E há razões para isso. 2013 é um ano recheado de hits e de grandes discos. Aqui na Playback, já relembrámos Random Access Memories dos Daft Punk, mas a lista acumula registos discográficos de relevo: Yeezus de Kanye West, Bangerz de Miley Cyrus, The 20/20 Experience de Justin Timberlake, o disco homónimo de Beyoncé. E com singles… A lista seria gigante.

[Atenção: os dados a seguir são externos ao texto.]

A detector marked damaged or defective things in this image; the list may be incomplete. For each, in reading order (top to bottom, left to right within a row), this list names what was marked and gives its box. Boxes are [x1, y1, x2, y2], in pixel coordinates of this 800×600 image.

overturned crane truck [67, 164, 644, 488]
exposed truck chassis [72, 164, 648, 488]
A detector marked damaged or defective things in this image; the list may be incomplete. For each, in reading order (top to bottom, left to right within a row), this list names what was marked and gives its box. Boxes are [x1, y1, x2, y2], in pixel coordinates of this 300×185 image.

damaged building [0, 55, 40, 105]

2013 é também o ano em que, devido ao pico da era do Tumblr, a pop e o indie se cruzam numa mescla que, dez anos mais tarde, prova que as barreiras são praticamente inexistentes entre quem ouve o quê. Culpe-se Sky Ferreira, Lana del Rey, The Weeknd, CHVRCHES, Grimes, Purity Ring, The Neighborhood, The 1975, AM dos Arctic Monkeys, Pure Heroine da Lorde, Modern Vampires of the City dos Vampire Weekend, Days Are Gone das HAIM.

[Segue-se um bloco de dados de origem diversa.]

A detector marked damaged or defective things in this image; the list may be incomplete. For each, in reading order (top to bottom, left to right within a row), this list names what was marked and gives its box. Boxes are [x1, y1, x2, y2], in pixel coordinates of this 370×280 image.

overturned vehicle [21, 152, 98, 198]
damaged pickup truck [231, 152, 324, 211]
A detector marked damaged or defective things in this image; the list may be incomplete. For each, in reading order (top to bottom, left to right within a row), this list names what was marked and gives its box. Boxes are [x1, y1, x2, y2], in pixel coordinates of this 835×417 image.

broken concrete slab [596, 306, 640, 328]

Há algumas semanas, em conversa, o tema de 2013 veio à baila e ficámos a pensar em que canções desse período nos tinham deixado impacto. Uma em particular destacou-se nessa troca de impressões: “I Love It”, canção do duo sueco Icona Pop (é o seu hit) que conta com a participação de uma Charli XCX ainda a ganhar destaque no mundo da pop.

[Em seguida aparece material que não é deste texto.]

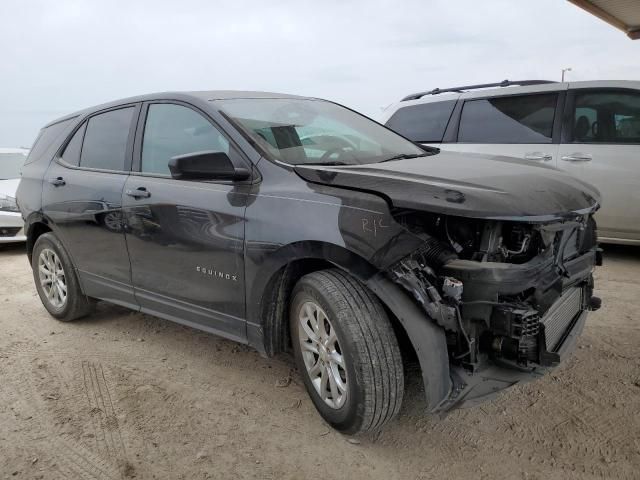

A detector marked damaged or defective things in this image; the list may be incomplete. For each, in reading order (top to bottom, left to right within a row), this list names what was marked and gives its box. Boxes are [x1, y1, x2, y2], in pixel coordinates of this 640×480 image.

Curiosamente, “I Love It” não é uma canção de 2013. Lançada em maio de 2012, a faixa, nos Estados Unidos teve logo impacto tanto comercial – atingiu o pico de #7 nos charts da Billboard – como crítico, tendo sido incluída na lista de melhores canções do ano para a Pitchfork e Rolling Stone. Na Europa e em Portugal, contudo, a canção só se tornou um hit – adivinhe-se – no verão de 2013.

Para celebrar a canção e o ano, a equipa editorial da Playback escreveu três estórias-ensaios sobre a “I Love It”.

Miguel Rocha


Ana (Lisboa)

Apareceu naquela altura do boom das estratégias de redes, quando o descodificar do algoritmo soava a santo graal e os sponsored posts dividiam marketeers, uns cautelosamente desconfiados e outros jurando que estava ali o futuro. Se olharmos para os layouts da altura, era tudo tão feio, tão primitivo. Até o Instagram e o seu ícone a puxar para o vintage, com os seus pseudo-filtros a disfarçar as câmaras frontais de má qualidade e os cinquenta posts que toda a gente fazia por dia, desde a sandocha meia comida do almoço (sempre com moldura, pois claro) à chiclete cor-de-rosa colada na borda do passeio que vista de esguelha quase parecia formar um coração. E quando as Icona Pop rebentaram com o verão num delay de quase um ano dizia eu à minha assistente que o Facebook devia aproveitar o hype e investir em dois botões: um para “I Love It!” e outro para “I Don’t Care!”—o que, se nos lembrarmos daquela experiência quase imediatamente abandonada (e mais tarde adoptada pelo YouTube) do “dislike”, só prova que eu até era razoavelmente competente e visionária como estratega.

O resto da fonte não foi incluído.